6de zondag door het jaar: psalm 1

Psalm 1,  waarin de rechtvaardige mens gelukkig wordt geprezen, is de openingspsalm van het boek der psalmen. Het is een korte psalm van slechts 6 verzen. Over de wijze waarop de bijbeltekst verwerkt is in de liturgische antwoordpsalm kan het volgende worden opgemerkt.

Vers 5, waarin het gaat over de positie van de zondaars temidden van de gemeenschap der rechtvaardigen, is niet opgenomen. Vers 5 is een nadere uitwerking van vers 4 , waarin de zondaars ongelukkig worden genoemd, en kon daarom wel weggelaten worden.

De antwoordpsalm telt zoals vaak het geval is 3 strofen.

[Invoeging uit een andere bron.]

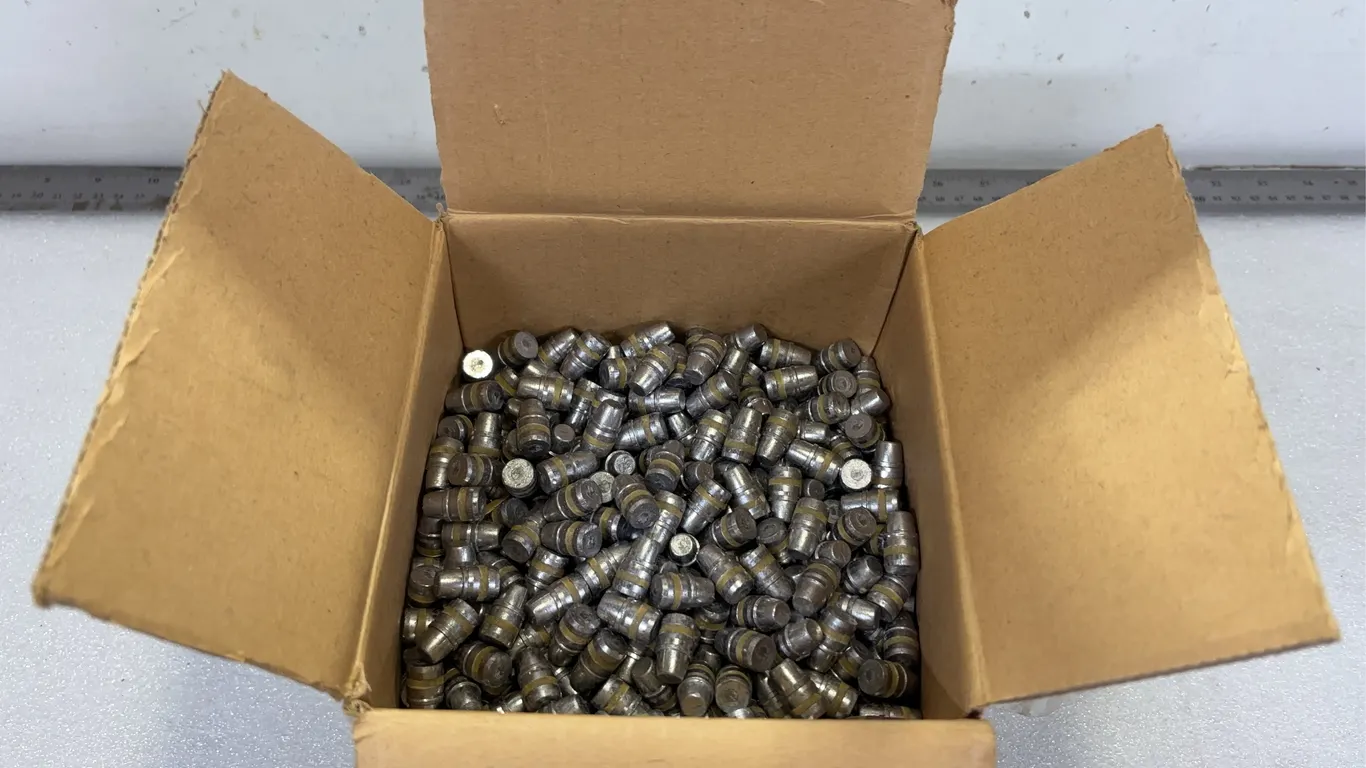 Box of Ten X Bullets 44 Calibre 240 Grain, Approximately 800 - 1000 Bullets *Unreserved*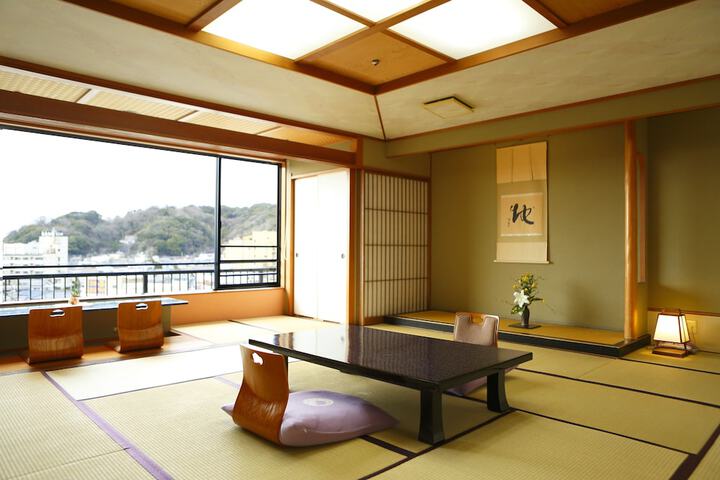 Room 7 of 37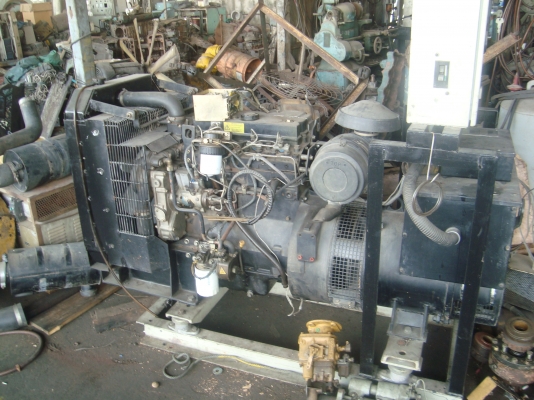 ขายเครื่องปั่นไฟ 65 KVA 380 V ของ ENGLAND พร้อมใช้งานครับ ขายเครื่องปั่นไฟ 65 KVA 380 V ของ ENGLAND พร้อมใช้งานครับ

strofe 1 (4 regels): vers 1 
strofe 2  ( niet 4 regels, maar 6): vers 2-3
strofe 3 (4 regels): vers 4 en 6.

Een opvallend detail is te vinden in strofe 2 regel 5 : “des zomers verdorren zijn bladeren niet”. In de grondtekst staat: “nooit zullen zijn bladerenverdorren”.  De voorspoed die aan een rechtvaardigde, juist omwille van zijn levenswijze, in het vooruitzicht wordt gesteld, wordt in psalm 1 op poetische wijze onder woorden gebracht met behulp van een metafoor ontleend aan de natuur en haar vruchtbaarheid. De rechtvaardige is als een boom…. (de goddeloze als kaf in de wind…). Deze metafoor kennen we al uit de eerste lezing uit de profeet Jeremia 17,5-8 en wordt daar (op enigszins andere en ook meer uitgewerkte wijze) gebruikt om te spreken over het verschil tussen de mens die op mensen vertrouwt en de mens die op de Heer vertrouwt. De laatsteis  “als een boom…Hij heeft geen last van de hitte, zijn blad blijft groen”. Door in de antwoordpsalm concreet de zomer te vermelden worden we directer aan de Jeremialezing herinnerd.